- Born: 3 August 1922 Leeds, England
- Died: 9 April 1999 (aged 76) Jerusalem, Israel
- Occupations: Scholar, editor, broadcaster
- Spouse: Devorah Mac Dwyer
- Children: 2

= Geoffrey Wigoder =

British-Israeli scholar, writer and broadcaster (1922–1999)

Geoffrey Wigoder (3 August 1922 – 9 April 1999) was a British-born Israeli scholar, editor, and broadcaster, best known as editor-in-chief of the Encyclopaedia Judaica.

== Early life ==
Wigoder was born in Leeds, England, into a family with both acting and rabbinic connections. He studied at Trinity College Dublin, earning a degree in medieval Jewish history, and later completed doctoral work at the University of Oxford in Jewish philosophy. He also trained for the rabbinate at the Jewish Theological Seminary of America in New York City, where he met his future wife. The couple married and emigrated in 1949 to the newly established State of Israel, settling in Jerusalem.

== Career ==
In 1950, Wigoder became English-language director of The Voice of Zion to the Diaspora, an Israeli international broadcasting service. He later served as a correspondent in Jerusalem for the BBC and The Yorkshire Post, reporting on major events including the Eichmann trial. From 1960 to 1967 he directed Israel’s overseas broadcasts.

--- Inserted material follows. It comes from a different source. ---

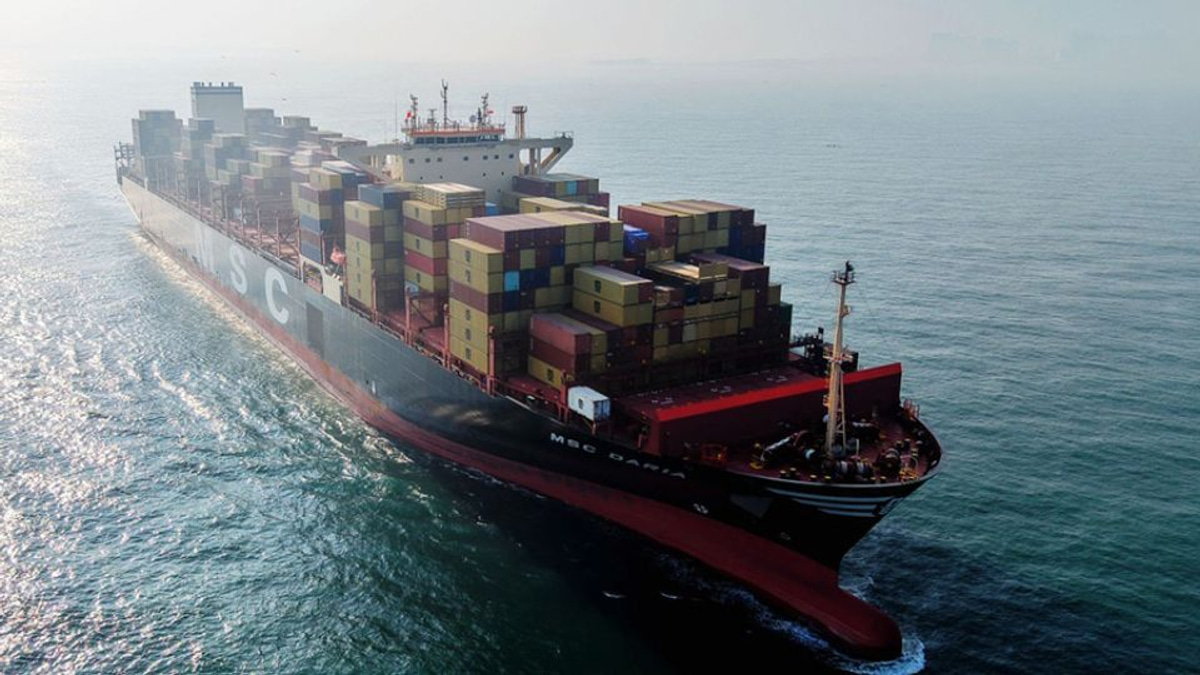 US Targets Chinese Shippers in Escalating Iran Oil Sanctions Campaign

Wigoder collaborated with Cecil Roth on the New Standard Jewish Encyclopedia and succeeded him as editor-in-chief of the 16-volume Encyclopaedia Judaica following Roth's death in 1970. He later oversaw the encyclopedia's digital release on CD-ROM. His other editorial works include The Encyclopedia of the Jewish Religion, Jewish Art and Civilization, The Story of the Synagogue, Dictionary of the Jewish–Christian Dialogue, Dictionary of Jewish biography, Jewish-Christian relations since the Second World War, Jewish-Christian interfaith relations : agendas for tomorrow, The Crown of wisdom : sixty years of the Hebrew University of Jerusalem, and The Vatican-Israel agreement : a watershed in Christian-Jewish relations.

At the Hebrew University of Jerusalem, Wigoder founded Israel’s first oral history department and contributed to the establishment of the Museum of the Jewish Diaspora in Tel Aviv.

== Later life and death ==
Wigoder continued teaching and writing into the 1990s, editing works such as the New Encyclopedia of Zionism and Israel. He died in Jerusalem on 9 April 1999, aged 76, from a brain hemorrhage following a fall. He was survived by his wife, two sons, a sister, and two grandchildren.